December 10, 2019 Reading Time: 4 minutes

The recent death of Paul Volcker, Federal Reserve Chairman from 1979 to 1987, has generated the usual but undeserved encomiums from media outlets. Sebastian Mallaby at The Washington Post declares that Mr. Volcker was “the savior our economy needed.” Brian Cheung at Yahoo Finance contends that Volcker “tackled the Great Inflation by inspiring a rethink of monetary policy” that “during his eight years at the helm of the central bank, he endured a number of economic crises: rampant inflation, an unstable dollar, the Latin American sovereign debt crisis, the collapse of Continental Illinois National Bank” and “through it all, made quick use of the Fed’s toolbox, elevating the Fed to its modern-day reputation as the first responder to economic crises.”

Set aside for a now the undocumented, underlying premise that money, banking and markets left alone somehow generate inflation, exchange-rate instability, financial crises, and bank failures, while central bankers allegedly cause none of these things but instead fix or mitigate them as heroic rescuers and “first responders.” The naïve imagery of Volcker or the Fed as fixers with a “toolbox” has been common among Fed apologists for decades.  Yet the facts show that the Fed particularly and central bankers generally have instigated many of these troubles.

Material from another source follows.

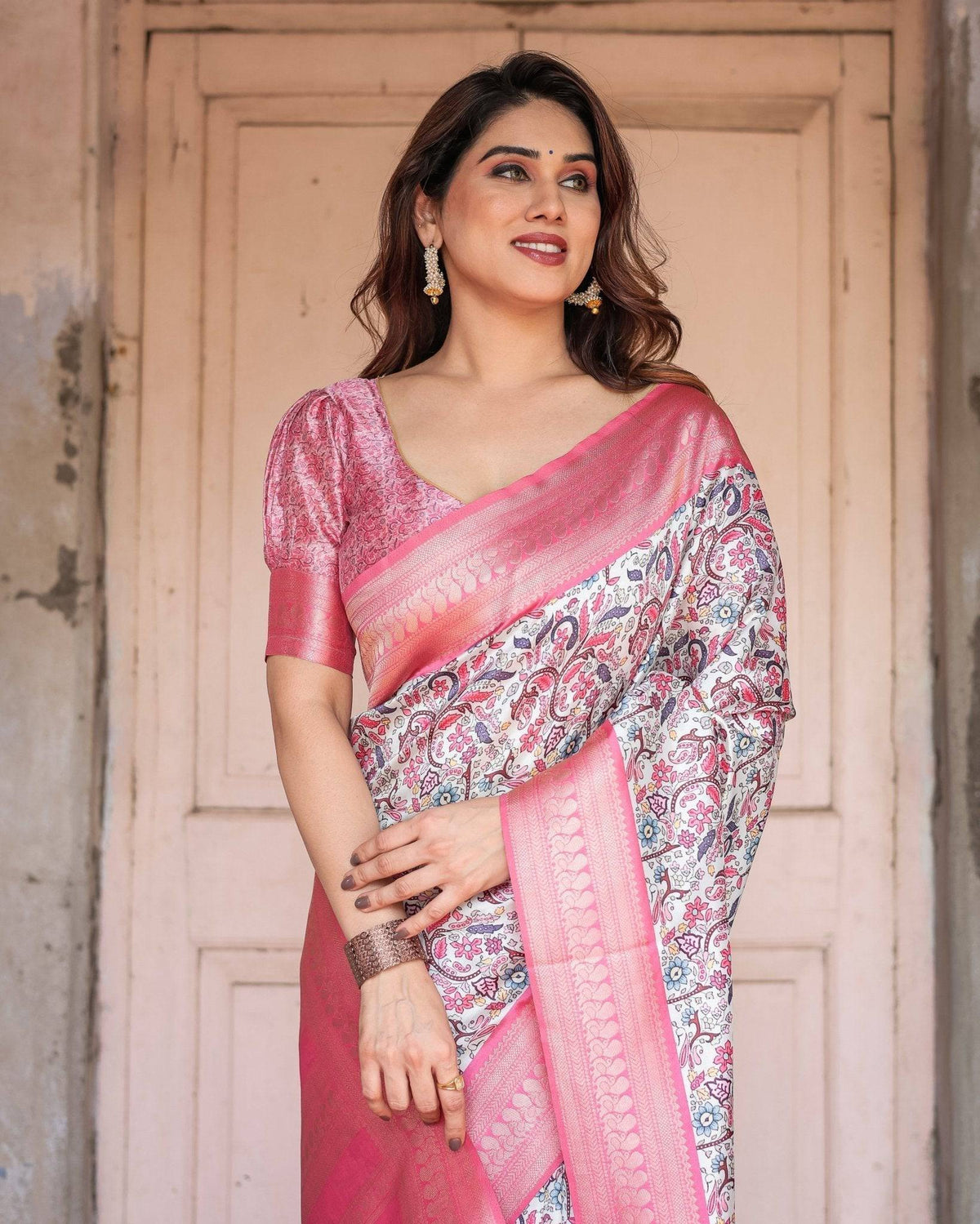 Pink Banarasi Silk Saree with Vibrant Floral Digital Print & Elegant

It is now long forgotten by most monetary economists and biographers that for five years (1969-1974) Volcker was undersecretary for monetary affairs at the U.S. Treasury and in 1971, after just two years on the job, joined Milton Friedman and others in pushing President Nixon to jettison the gold-exchange standard.  Perhaps that’s what Cheung means by Volcker’s “inspiring rethink of monetary policy.” The subsequent decade saw wildly fluctuating exchange rates, double-digit inflation, a dollar crisis, and economic stagnation. Not coincidentally, post-war U.S. productivity gains began diminishing in the 1970s and have never fully revived. Few economists today will attribute it to our inferior monetary regime.

Mr. Volcker has long been portrayed as slayer of some inflation dragon, when in fact he unleashed it; thereafter, in his first few years as Fed chairman (1979-1982), he put the Fed funds rate above 20%, forcing the U.S. economy to suffer two brutal recessions. Duly trained as a Keynesian, Volcker thought prosperity caused inflation, so he tried to kill the former. Was this too an “inspiring rethink of monetary policy,” or was it akin to bloodletting?

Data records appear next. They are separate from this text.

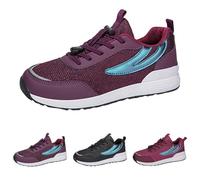 Chaussures de sport pour femme - Semelles souples - Fermées à l'avant - Couleur unie - Soulagement de la douleur - Confortables - Décontractées - Légères - Chaussures plates - Convient pour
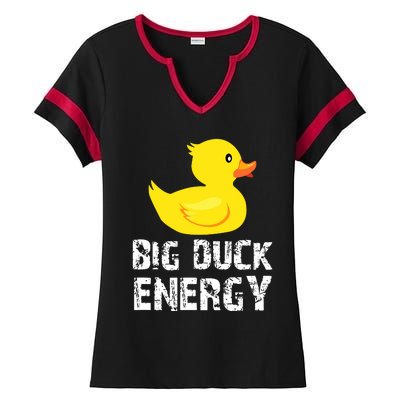 Big Duck Energy Yellow Rubber Duck Design Ladies Halftime Notch Neck Tee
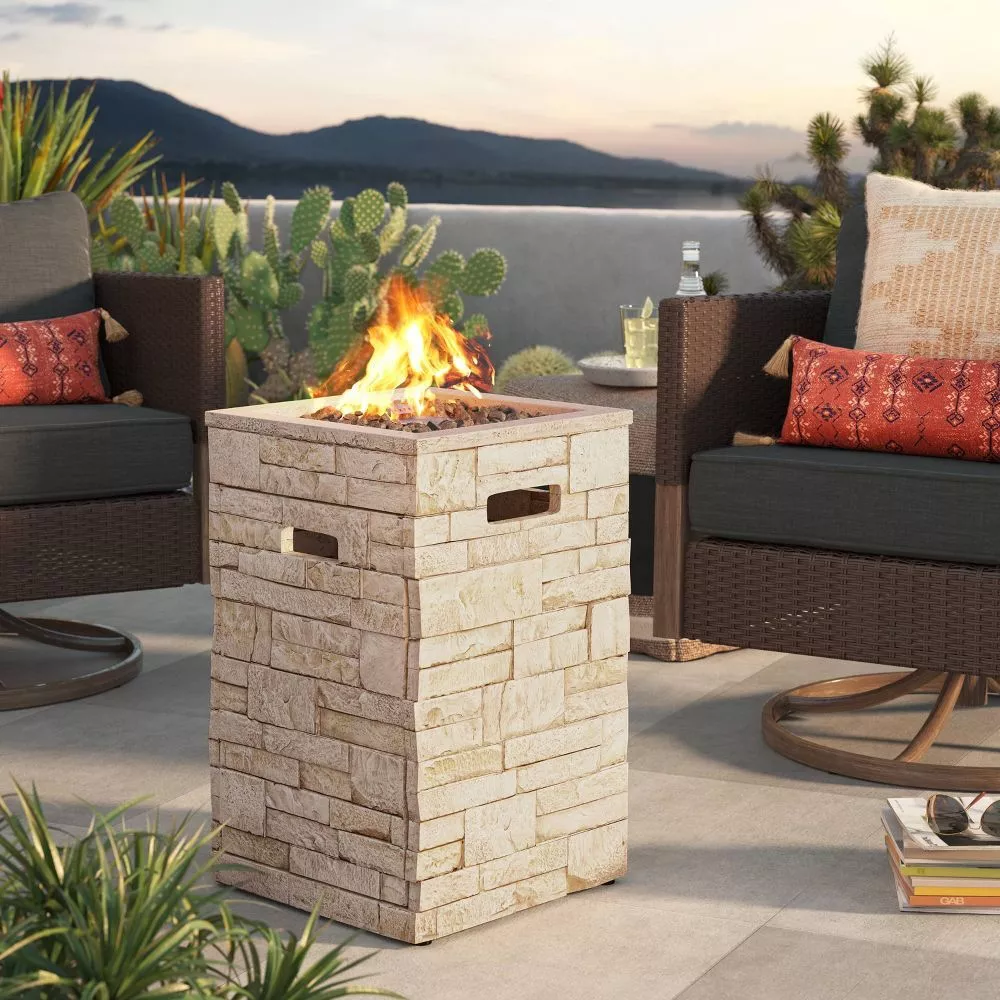 Hampton Bay Stack Stone Liquid Propane Fire Column (Light Brown, 25 in H x 16 in W x 16 in D) rz2q0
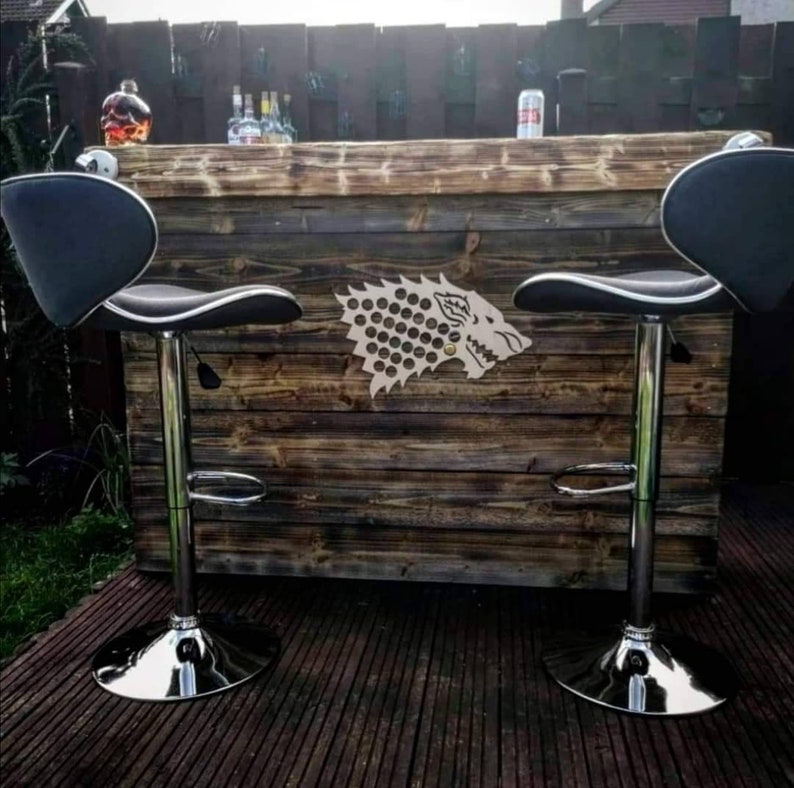 J-Shaped Rustic Garden Bar | Handmade Scorched Wood Home Bar UK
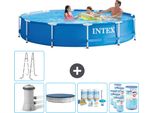 Piscina Intex Con Struttura Rotonda - 366 X 76 Cm - Blu - Inclusa Copertura Della Pompa - Pacchetto Manutenzione - Filtro - Scaletta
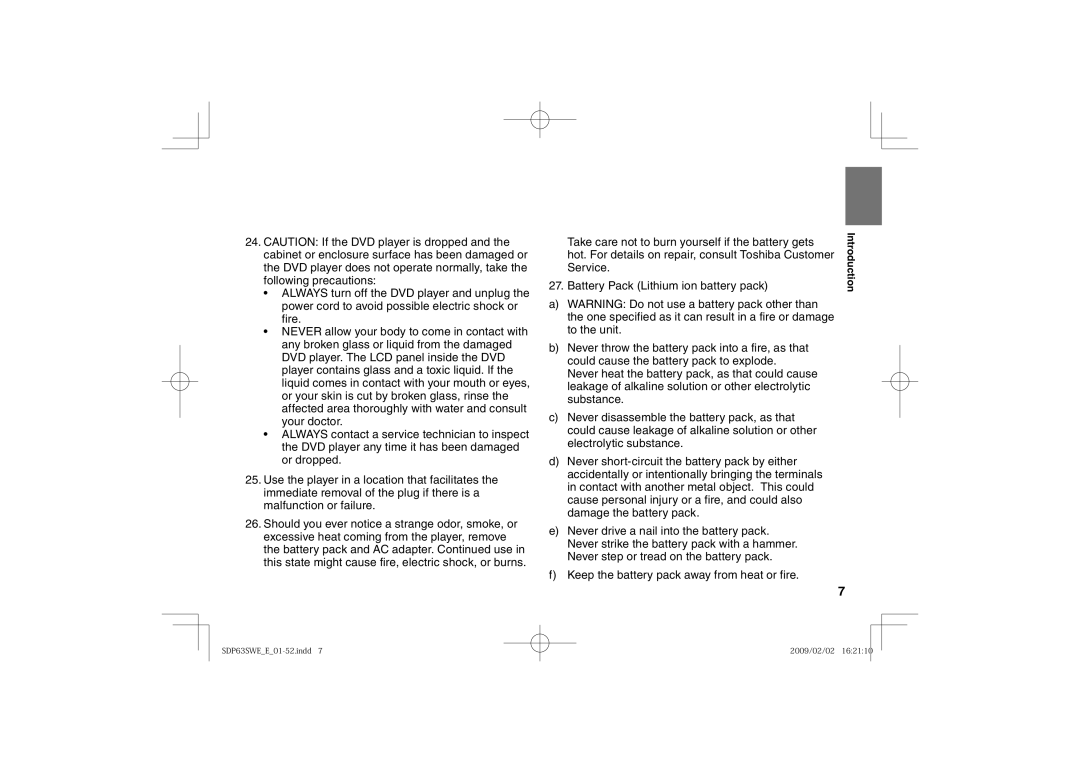 Toshiba SDP63SWE owner manual Introduction 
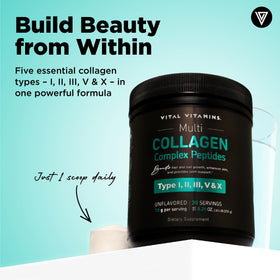 Poudre Multi Collagène Vital Vitamins 322g avec cuillère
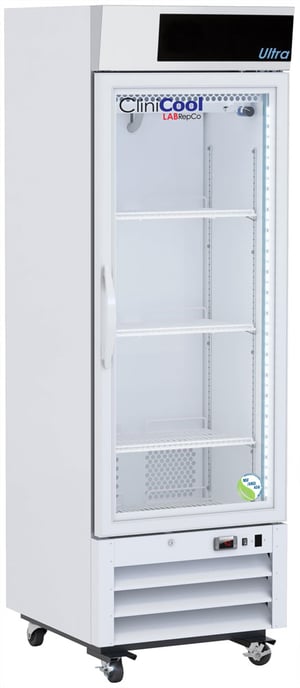 A Labrepco branded vaccine refrigerator with a 16 cubic foot internal capacity, a glass door that is closed and pull handle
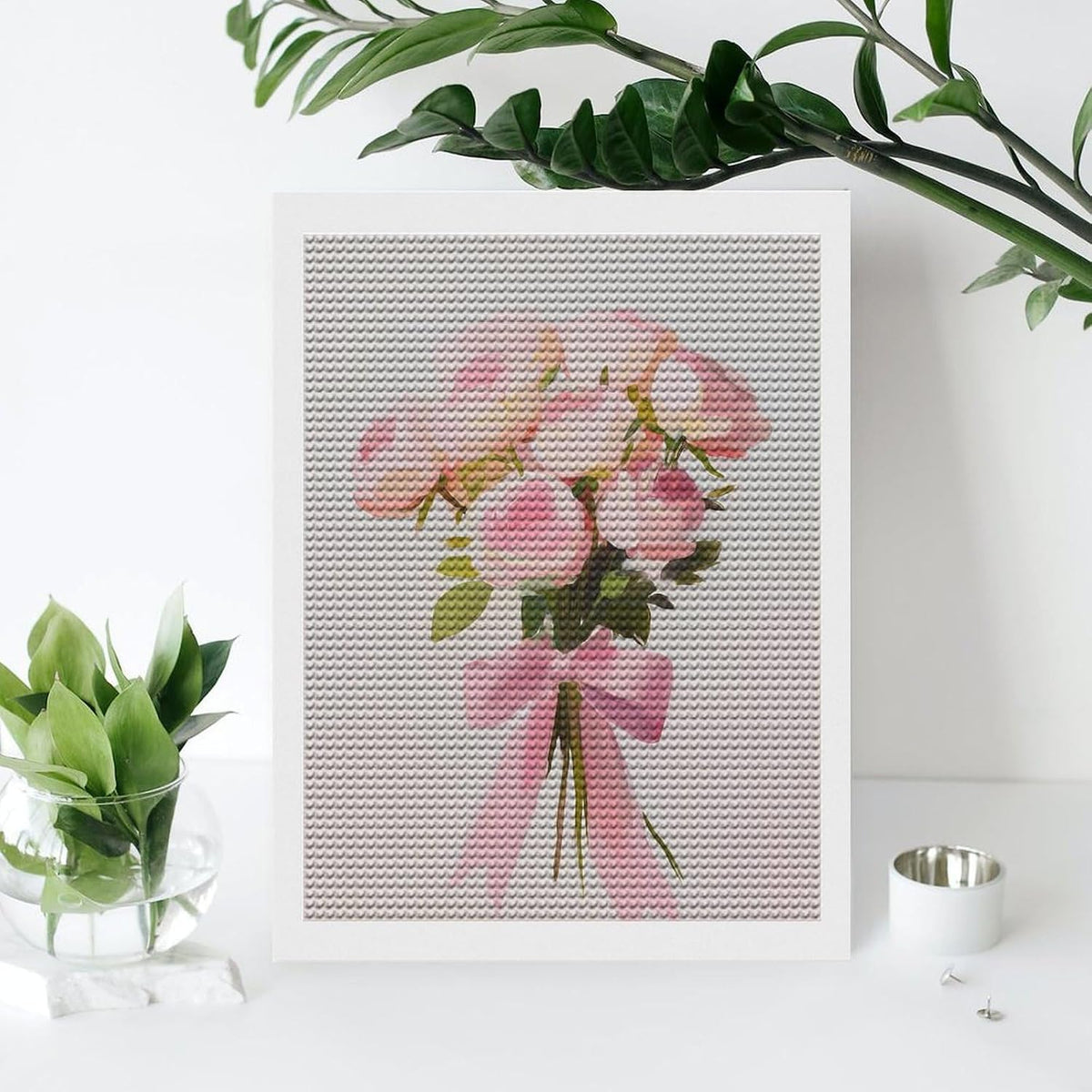 Bouquet of Pink Roses with Bow Minimalist Gouache DIY Gem Art Painting Kit for Adults Full Drill Round Gem Craft Kit 12"x16"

By helping to cut the dollar’s tether to gold, Volcker helped Washington’s politicians engage in perpetual fiscal profligacy, which he complained about without ever citing the source of the problem.  Since 1971 in the U.S., compounded, annual rates of change in federal debt, money supply (M-1), and the Consumer Price Index have been 8.6%, 6.1%, and 3.9%, respectively, while real GDP and the Industrial Production Index have grown by merely 2.8% and 2.2% p.a.  In contrast, under the Bretton Woods gold-exchange standard (1948-1971), when the dollar was defined and fixed at 1/35th an ounce of gold, real GDP and the Industrial Production Index grew robustly (by 3.9% and 4.2% p.a.) while federal debt, money supply, and Consumer Price Index increased by only 2.1%, 3.1%, and 2.2% p.a.

Under the Bretton Woods system the U.S. federal budget was in surplus 33% of the time and the ratio of U.S. federal debt to GDP declined steadily from 92% (1948) to 35% (1971); since then, under an irredeemable dollar, the U.S. federal budget has been in surplus only 10% of the time and the federal debt ratio has tripled to 105% of GDP  Prior to 1971, America produced real wealth at a faster rate than it produced money or public debt; since then, we’ve had more money and more public debt than we’ve had more real output. Why should anyone prefer the production of money (and higher prices) to the production of wealth

Did China, Mexico or cross-border trade do this to America, or did her political-economic-financial “leaders” do it?  The latter did it – and one of America’s main leaders was Mr. Volcker. The extent to which America enjoyed a financial-economic revival beginning in the 1980s reflected the advice given to President Reagan by a handful of pro-gold, supply-side economists, but Volcker, Friedman, and others dismissed them as practitioners of “voodoo.” 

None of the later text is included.